C’est la première fois  que cet homme d’affaire est l’objet de telles mesures. Un cadre des travaux publics ayant requis l’anonymat nous a annoncé la couleur : « l’Etat ne peut plus accepter qu’il vide les caisses du trésor public impunément », ajoutant: « c’est la fin des privilèges pour le groupe ETRHB d’Ali Haddad ».

Cette mise en garde qui,il est vrai, ne le concerne pas uniquement arrive cependant  après avoir été « chassé » avant-hier en compagnie de Sidi-Said d’une réception à laquelle participait le premier ministre et des membres du gouvernement.

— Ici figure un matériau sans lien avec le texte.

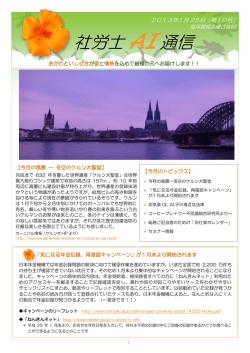 2013. 1.25 第10号 - 豊島区の社会保険労務士 石関社会保険労務士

Les mises en demeure lui ont été adressées, entre autres, par les directions des travaux publics. La première émane de celle de Tlemcen et la deuxième vient de celle de Bouira. Les montants des projets sont estimés à plusieurs milliards. « Ces premières mises en demeure doivent être suivies par d’autres », nous apprend une autre source proche du suivi des nombreux projets qui peinent à être achevés.

Pour rappel, Ali Haddad est présent dans plusieurs secteurs grâce à sa proximité avec le tandem Sellal-Bouchouareb. Accaparant des marchés publics dont il s’était vanté « de fixer les prix » du temps de sa toute puissance, Haddad avait une tactique d’enrichissement simple. Il se contentait souvent de sous-traiter ses projets à d’autres opérateurs après avoir prélevé ses marges; d’où des retards et des malfaçons qui n’ont, jusque là, jamais été sanctionnés.     Récemment, le nouveau ministre de l’industrie qui ne rate aucune occasion pour s’attaquer aux choix de son prédécesseur a décidé de se dresser contre le monopole de la commercialisation du ciment dont Haddad est l’un des principaux importateurs. Ses acquisitions et ses déchargements à travers le port de Bejaia, sont à l’origine, ces derniers mois, de critiques insistantes pour des soupçons de corruption et de pénuries organisées impliquées dans la flambée des prix d’un produit fondamental pour les travaux publics et le bâtiment.